10月25日に日本初上陸を果たした新型ドゥカティ『スクランブラー』。そこでファッションブランド『SHINICHIRO ARAKAWA』(シンイチロウアラカワ)の創立者で、ファッションデザイナーの荒川眞一郎さんが「ナイトシフト」をテストライド。自身もドゥカティオーナーである荒川さんのインプレッションと、バイク×ファッションのデザインに対する思いなど、貴重なお話を聞くことができた。

◆「自分で納得のいかないものは作らない」

モーターサイクルウェアを専門的に取り扱うブランドSHINICHIRO ARAKAWAは、Hondaとのコラボ展開で多くのライダーたちにその名を知らしめた。その特徴は、徹底したデザインへのこだわりにある。荒川さんは自身のデザインのアイデンティティについて、「自分で納得のいかないものは作らない」と述べた。

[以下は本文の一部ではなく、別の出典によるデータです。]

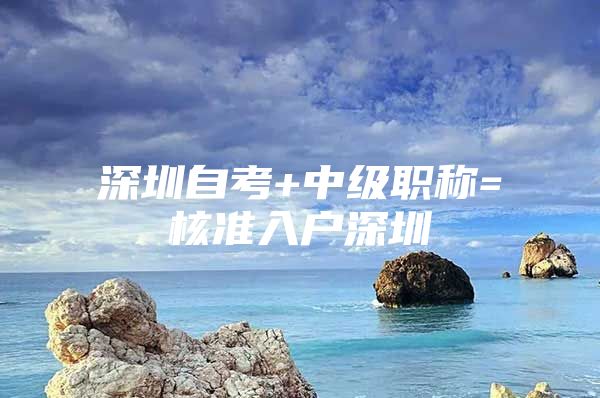 深圳自考+中级职称=核准入户深圳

その上でデザインへのアプローチに繋がるものとしてまず初めに挙げたのは「ユーザーからの意見や要望」とのことだった。昔は機能的な面からのアプローチが多かったという荒川さん。最近では自身のブランドのユーザーが増え、意見や要望を多くもらっているとのこと。すべての意見や要望にそのまま答えるのではなく、自分なりにフィードバックすることが大切なのだそうだ。
◆SHINICHIRO ARAKAWAのこだわりは、着用して初めて分かる意外性
そんな徹底したデザインへのこだわりを持つ荒川さんが、完成したときについ笑みを溢したという、こだわりのジャケット。その貴重な開発秘話を聞くことができた。

あまりにも自由度が高く、服を着ていないような感覚に陥ることから「ヌード」と名付けられたそのジャケットは、約2年の構想期間を経て商品化に至ったという。デザインのポイントとしては、普段着として問題なく使用できるものかつ機能的なディテール。そのこだわりは着用して初めて分かるそうで、特に腕まわりの自由度が高く、ライディングポジションを楽にとることができる。
この機能性を生み出すため、荒川さんは“トワル”と呼ばれる試作段階のジャケットを着て、自ら首都高をバイクで走り、修正を繰り返しながら理想を追い求めたそうだ。荒川さんは「そういう他に無い機能性に興味がある」として、ウエアの機能的なディテールとデザイン両立の難しさを語ってくれた。
◆乗りやすいのに刺激的「すぐに楽しく乗れるバイクはいいね!」

新型スクランブラーを見た荒川さんは、シルエット自体に大きな変化はないものの、先代からより現代流に進化したデザインとなっていることに注目。さらにカラーリングについて「クロともネイビーとも言えない、絶妙なナイトブルー」と表現し「こういう選択肢があるのはいいよね」と好印象だ。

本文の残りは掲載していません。